**ACTION ITEM**
Copy out the full listing below as it stands, with its pictures left behind.
____ DATA RECORDS
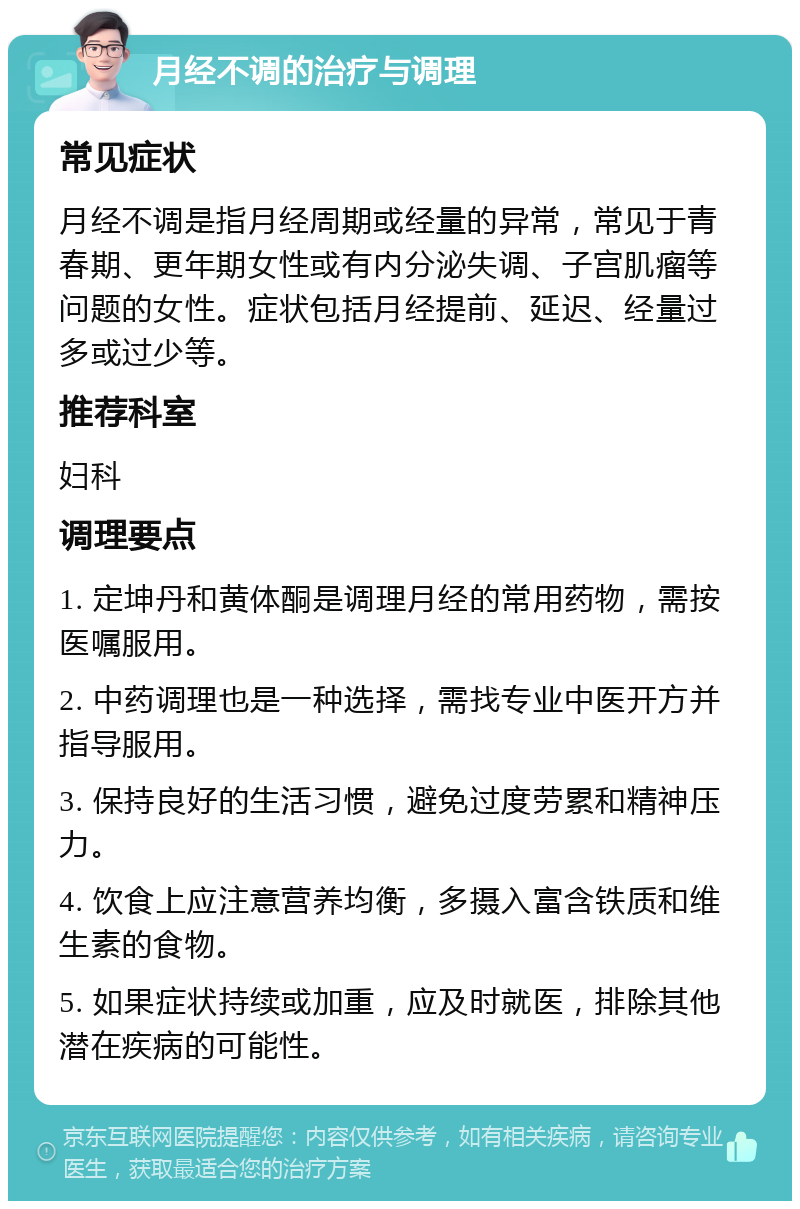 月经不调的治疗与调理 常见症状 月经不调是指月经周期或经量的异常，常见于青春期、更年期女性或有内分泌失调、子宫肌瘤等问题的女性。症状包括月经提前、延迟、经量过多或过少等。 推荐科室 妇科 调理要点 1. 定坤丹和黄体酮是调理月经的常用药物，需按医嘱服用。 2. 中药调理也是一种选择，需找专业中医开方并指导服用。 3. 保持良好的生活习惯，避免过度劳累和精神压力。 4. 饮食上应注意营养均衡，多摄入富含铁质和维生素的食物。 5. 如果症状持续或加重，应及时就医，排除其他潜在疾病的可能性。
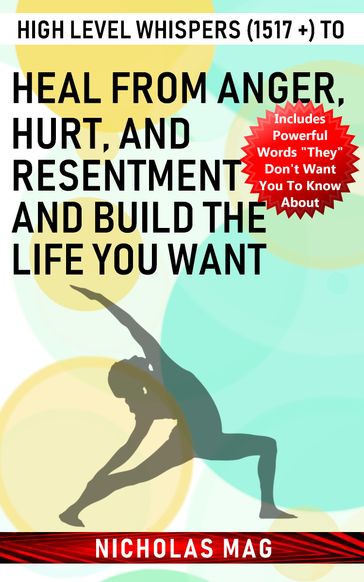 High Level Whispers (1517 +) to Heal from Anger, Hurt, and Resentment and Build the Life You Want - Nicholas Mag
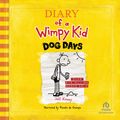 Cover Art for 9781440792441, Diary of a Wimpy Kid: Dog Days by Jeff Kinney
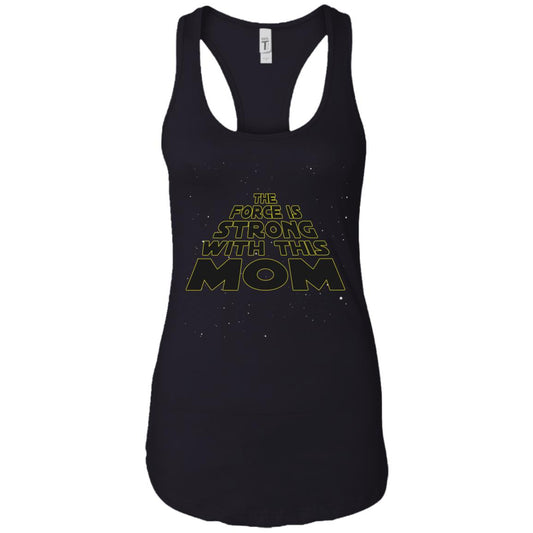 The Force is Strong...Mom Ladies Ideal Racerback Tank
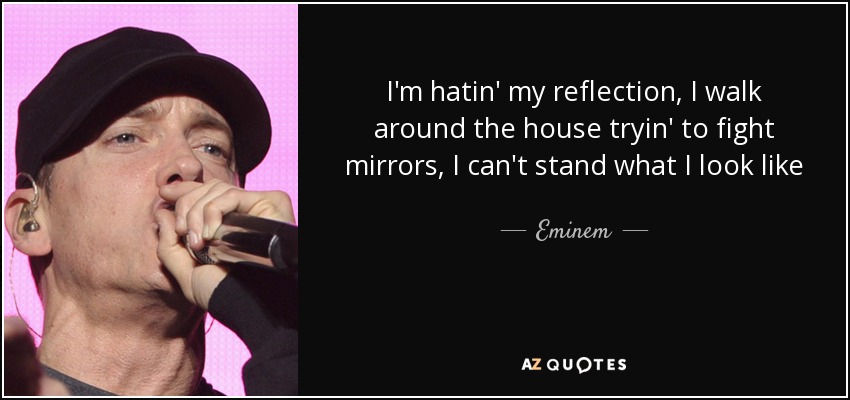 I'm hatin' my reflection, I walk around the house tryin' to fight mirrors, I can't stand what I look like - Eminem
________
**EXERCISE RESULT**
 月经不调的治疗与调理 常见症状 月经不调是指月经周期或经量的异常，常见于青春期、更年期女性或有内分泌失调、子宫肌瘤等问题的女性。症状包括月经提前、延迟、经量过多或过少等。 推荐科室 妇科 调理要点 1. 定坤丹和黄体酮是调理月经的常用药物，需按医嘱服用。 2. 中药调理也是一种选择，需找专业中医开方并指导服用。 3. 保持良好的生活习惯，避免过度劳累和精神压力。 4. 饮食上应注意营养均衡，多摄入富含铁质和维生素的食物。 5. 如果症状持续或加重，应及时就医，排除其他潜在疾病的可能性。
 High Level Whispers (1517 +) to Heal from Anger, Hurt, and Resentment and Build the Life You Want - Nicholas Mag
 Cover Art for 9781440792441, Diary of a Wimpy Kid: Dog Days by Jeff Kinney
 The Force is Strong...Mom Ladies Ideal Racerback Tank
 I'm hatin' my reflection, I walk around the house tryin' to fight mirrors, I can't stand what I look like - Eminem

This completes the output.